Source Publication: Martin Beraja, David Y. Yang, and Noam Yuchtman (2021). Data-intensive Innovation and the State: Evidence from AI Firms in China.  National Bureau of Economic Research (NBER).

China’s firms have emerged as global frontrunners in developing artificial intelligence and machine learning (AI) technologies. Developing AI technology is data intensive. By contracting with the state, China’s AI firms have access to government-collected data that surpasses in scale and scope data collected by private firms alone. Has this access to government-collected data given China’s AI firms an innovation edge? Using a newly constructed dataset of China’s facial recognition AI firms that contracted with public security agencies, researchers estimated the impact of access to government data on commercial AI innovation.

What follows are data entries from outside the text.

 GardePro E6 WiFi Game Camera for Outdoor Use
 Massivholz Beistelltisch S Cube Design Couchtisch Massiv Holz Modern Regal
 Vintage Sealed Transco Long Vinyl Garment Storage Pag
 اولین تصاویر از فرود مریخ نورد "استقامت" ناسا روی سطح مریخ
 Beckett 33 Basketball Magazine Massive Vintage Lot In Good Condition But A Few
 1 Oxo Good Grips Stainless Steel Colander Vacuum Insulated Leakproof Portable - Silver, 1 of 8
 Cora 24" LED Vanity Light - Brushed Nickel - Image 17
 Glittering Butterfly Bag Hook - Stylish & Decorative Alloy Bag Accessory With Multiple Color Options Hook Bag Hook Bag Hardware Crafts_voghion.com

Measures of China’s AI development since 2014

ai_fig_1


 

The data. Researchers first identified virtually all of the nearly 8,000 facial recognition AI firms in China by using information from Tianyancha and Pitchbook databases. Of these, they identified 1,095 firms that had received at least one public security contract between 2013 and 2019 by connecting firm-level data with procurement contracts included in China’s Ministry of Finance’s Government Procurement Database.

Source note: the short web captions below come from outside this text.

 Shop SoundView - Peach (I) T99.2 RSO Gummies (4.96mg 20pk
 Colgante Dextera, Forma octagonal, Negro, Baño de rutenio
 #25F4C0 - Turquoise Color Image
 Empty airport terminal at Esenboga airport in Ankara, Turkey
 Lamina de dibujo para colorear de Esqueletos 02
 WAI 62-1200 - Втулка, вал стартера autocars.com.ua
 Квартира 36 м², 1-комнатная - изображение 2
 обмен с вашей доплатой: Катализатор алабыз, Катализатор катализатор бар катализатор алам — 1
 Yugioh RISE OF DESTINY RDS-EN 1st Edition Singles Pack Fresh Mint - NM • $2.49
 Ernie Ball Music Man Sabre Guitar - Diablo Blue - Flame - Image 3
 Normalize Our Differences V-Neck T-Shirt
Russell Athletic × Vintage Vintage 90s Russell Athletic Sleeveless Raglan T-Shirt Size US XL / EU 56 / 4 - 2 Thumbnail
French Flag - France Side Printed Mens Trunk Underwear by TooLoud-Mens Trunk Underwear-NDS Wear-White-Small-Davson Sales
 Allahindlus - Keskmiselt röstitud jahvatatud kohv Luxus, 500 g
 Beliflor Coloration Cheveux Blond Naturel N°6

Researchers then categorized each contract as either data-rich or data-scarce depending on the quantity of local high-resolution surveillance cameras that provided footage to the firm. This data could be used to train facial recognition AI algorithms to be accurate — valuable for both government and commercial applications.

Using software registration records from China’s Ministry of Industry and Information Technology, researchers then compared the release rate and intended use (i.e., for commercial or government applications) of major software innovations by facial recognition AI firms that received either data-rich or data-scarce contracts.

More data produces more innovation. While both data-scarce and data-rich contracts positively affected firms’ software innovation, the receipt of data-rich contracts benefited firms to a larger degree. The researchers found that firms that received data-rich public security contracts generated 2.9 (51.9%) more government software products over a period of three years than firms that received data-scarce contracts. Furthermore, they found that access to government data also stimulated commercial software innovation. Firms that received data-rich public security contracts generated around 1.9 additional commercial software products over a period of three years after the contract, representing an increase in commercial software production of 20.2% relative to the pre-contract level.


Facial recognition AI software development resulting from government contracts

fig2_upd_comm

fig2_upd_gov


 

Innovation gains shareable across sectors. The increase in commercial software production took place despite firms needing to allocate their resources to increasing government software production as part of the contracts they receive. The evidence suggests that access to government data spills over to fuel AI innovation in both government and commercial sectors, overcoming the “crowding out” of resources that might occur when firms serve the state.

Government-collected data as innovation policy? These findings suggest that the provision of government data to China’s AI firms servicing the state contributed to their rise as global leaders in facial recognition technologies in the commercial realm. More generally, the findings highlighted here could apply to a range of other important domains where government data is predominant — geospatial and health data being two salient examples. This implies that states’ AI procurement and data provision can act as innovation policies that, intentionally or not, could shape the development of AI in certain sectors.